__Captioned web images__

# # #

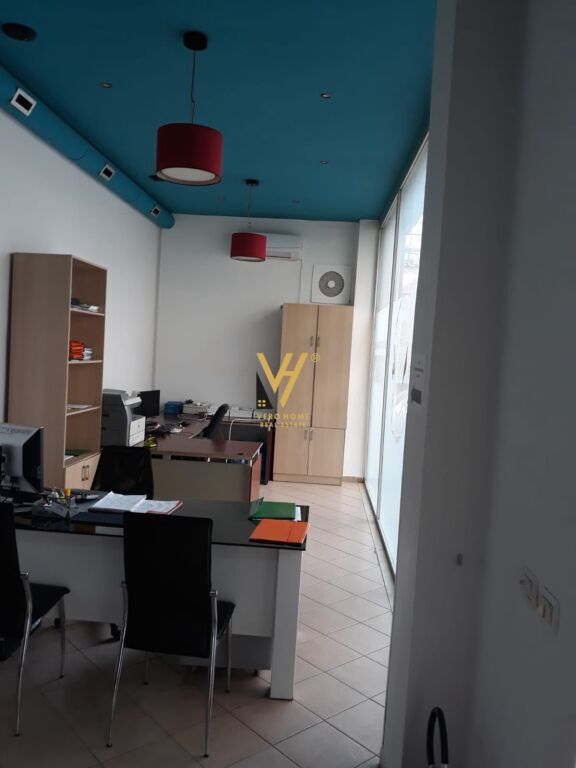 OFFICE 55 M2 FOR RENT AT FORTUZI STREET 600 EURO
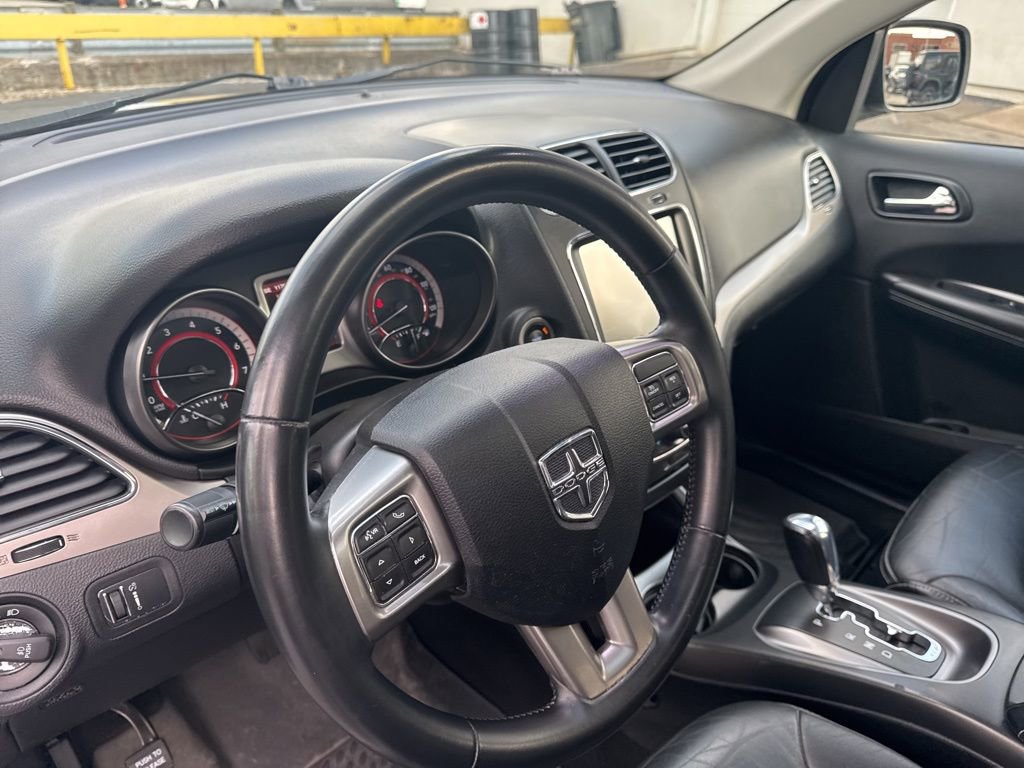 Used 2018 Dodge Journey Crossroad w/ Nav & Sun Group FWD image 12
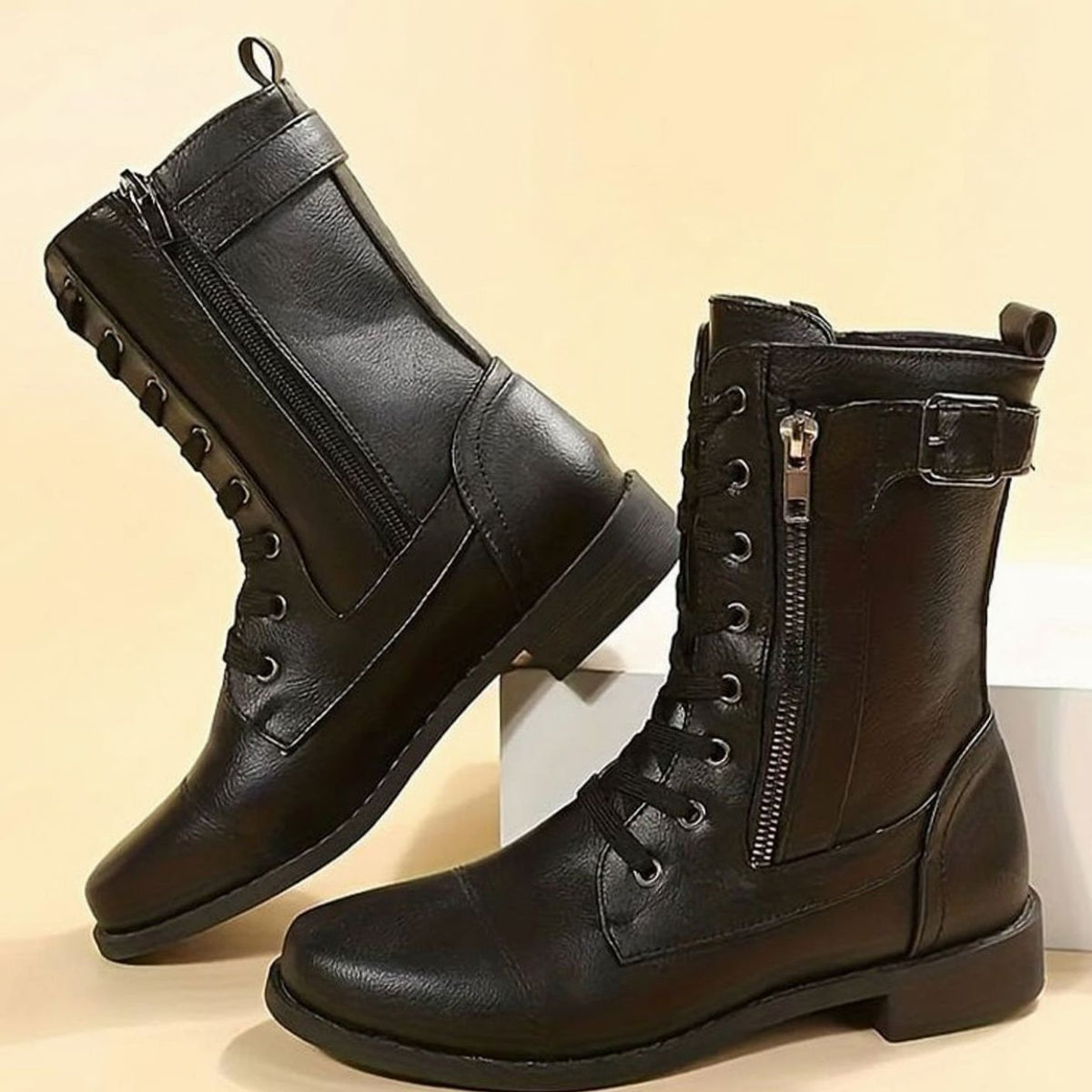 Botas RIONA de caña media vistas de perfil mostrando el tacón bajo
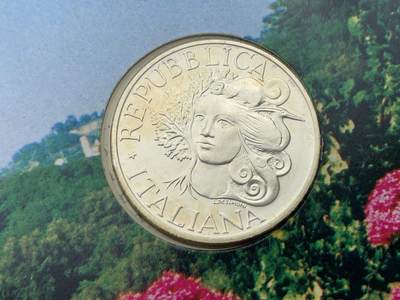 《竞宝斋》第424场 周日，周一，周二  3场连拍 （全场包邮） 意大利1994年花神1000里拉银币 原册 835银 14.6克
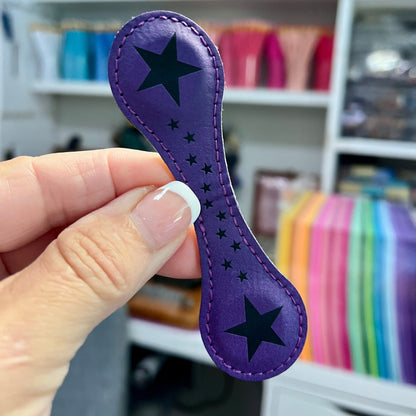 Teardrop Shape Leather Engraved Magnetic Bookmark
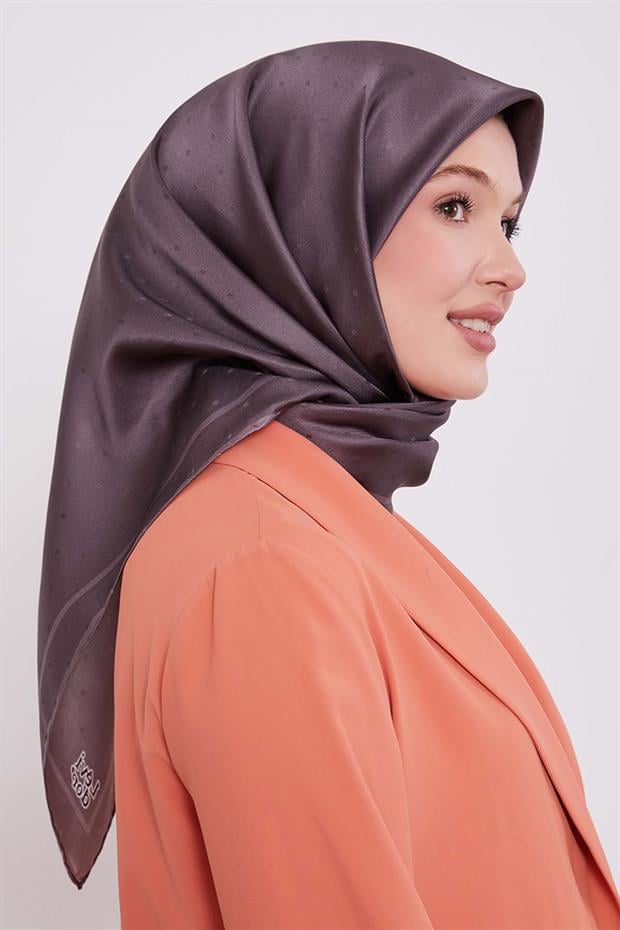 Gül Benek Desen Monogram İpek Eşarp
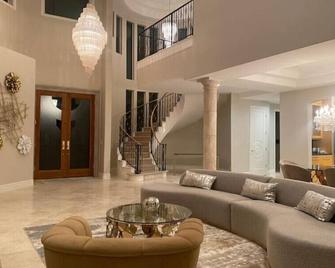 Lake Front House Three months rent or more\n - 拉斯维加斯 - 大厅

# # #

__Assigned task__
Output only the lines from the start of the data through the line that holds "Gül Benek Desen Monogram İpek Eşarp". Keep them exact and leave the pictures out.

__Solution__
 OFFICE 55 M2 FOR RENT AT FORTUZI STREET 600 EURO
 Used 2018 Dodge Journey Crossroad w/ Nav & Sun Group FWD image 12
 Botas RIONA de caña media vistas de perfil mostrando el tacón bajo
 《竞宝斋》第424场 周日，周一，周二  3场连拍 （全场包邮） 意大利1994年花神1000里拉银币 原册 835银 14.6克
 Teardrop Shape Leather Engraved Magnetic Bookmark
 Gül Benek Desen Monogram İpek Eşarp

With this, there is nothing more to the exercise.